What does this grammatical structure/pattern mean?

I am trying to understand the meaning of the following sentence where the VerbてのNoun pattern appears.


How do you translate the aforementioned sentence?


「Verb in [連用形]{れんようけい} + て + の + Noun」

is a phrase pattern in which the "Verb + て + の" part describes the condition that generates what is expressed by the following noun.

「“[昭和]{しょうわ}な[顔]{かお}”を[買]{か}われての[起用]{きよう}」 means:

"casting based upon his reputation as having the 'Showa-esque face'"

「買われる」 here means "to be regarded highly".

(I am not translating the whole sentence because you did not show us your attempt.)

I am sure some of you have come across the phrase 「[見]{み}てのお[楽]{たの}しみ」, which is in the same structure. "You must see it to enjoy it!"

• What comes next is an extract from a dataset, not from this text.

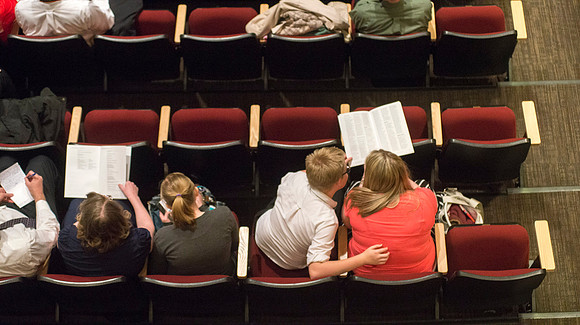 Members of the audience look at Commencement program.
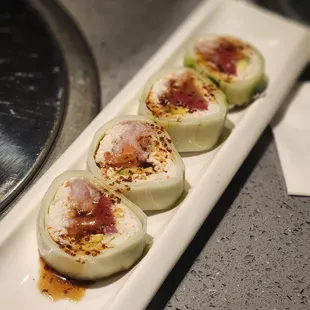 three sushi rolls on a plate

  • So is 〜あっての as in this post just a singular example of this general Verb in 連用形 + て + の + Noun form?
    – istrasci
    Jun 1 '15 at 23:47
  • Yes, it is. That one is saying "Being alive" is the prerequisite for mountain climbing. Jun 2 '15 at 0:21
  • Does the relative form 「買われる起用」 have the same meaning as 「買かわれての起用」?